Content starts
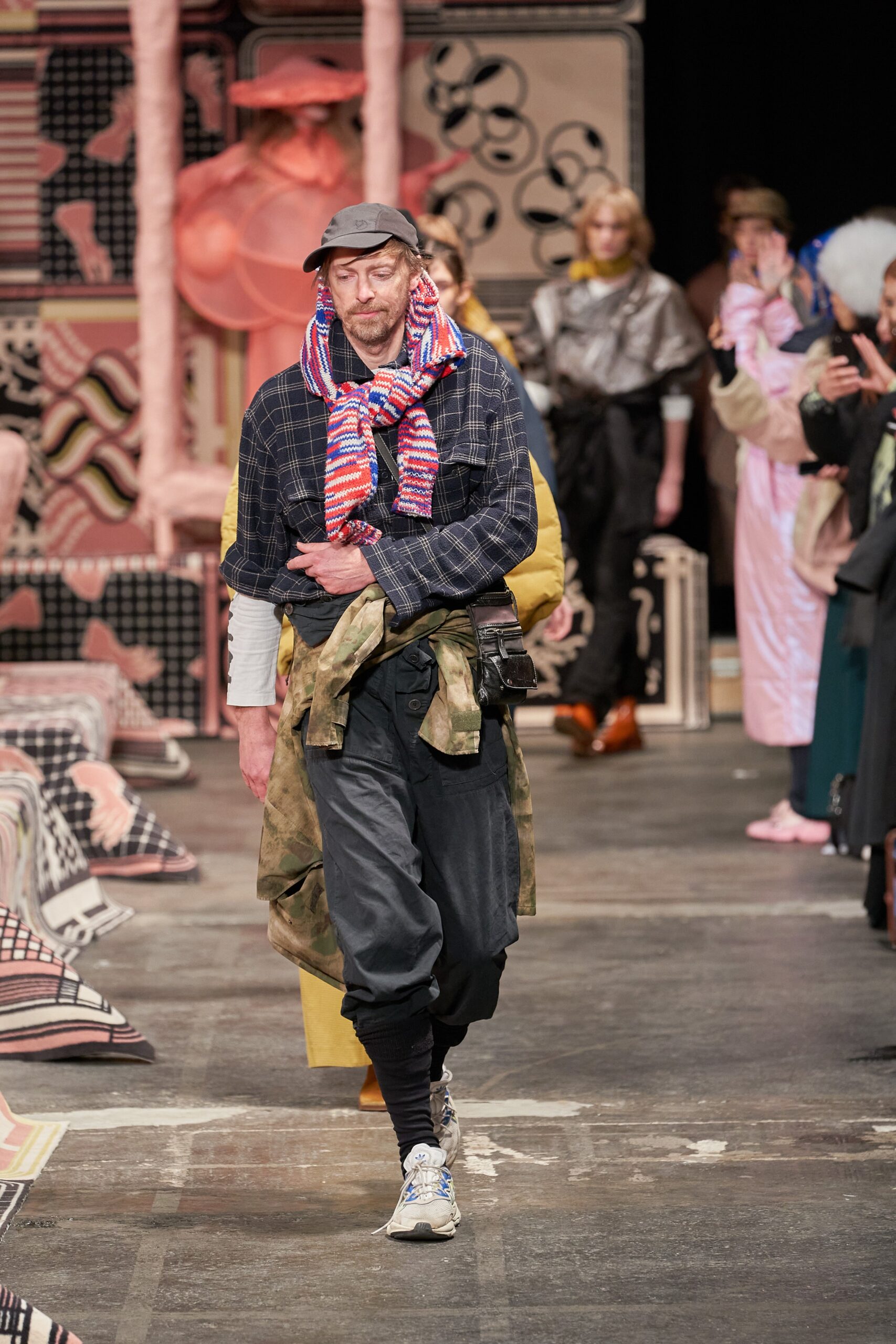 Henrik Vibskov Copenhagen F/W 20 Look 38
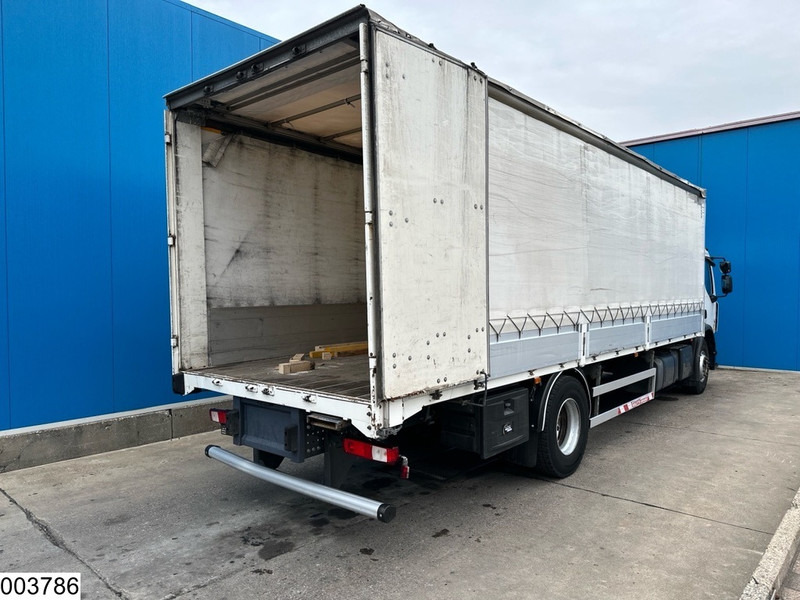Renault D 19 320 EURO 6 - Curtainsider truck: picture 2 Renault D 19 320 EURO 6 - Curtainsider truck: picture 2
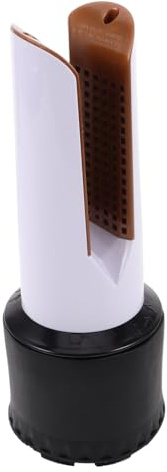 LOORGVEL Haartrockner Diffusoraufsatz Weiß Auspc Material für Schnelles Trocknen und Haartypen für Reisen und Präzises Styling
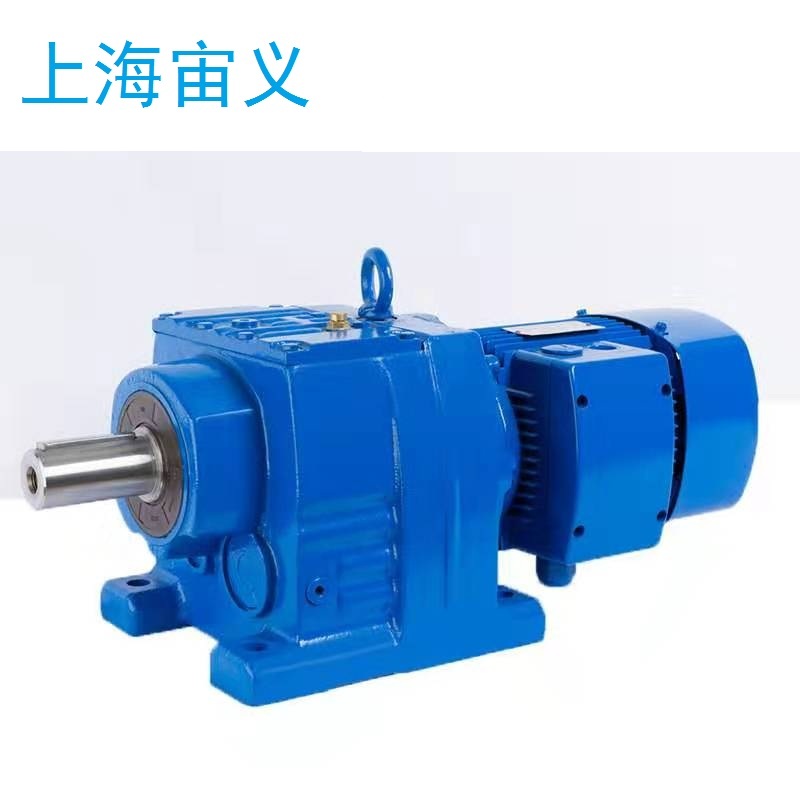 BLD12-35-4KW减速机齿轮箱FF57DT90L4 - 2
Content ends
The listing above, line by line: print it exactly, but not its pictures.

**Exercise response**
 Henrik Vibskov Copenhagen F/W 20 Look 38
Renault D 19 320 EURO 6 - Curtainsider truck: picture 2 Renault D 19 320 EURO 6 - Curtainsider truck: picture 2
 LOORGVEL Haartrockner Diffusoraufsatz Weiß Auspc Material für Schnelles Trocknen und Haartypen für Reisen und Präzises Styling
 BLD12-35-4KW减速机齿轮箱FF57DT90L4 - 2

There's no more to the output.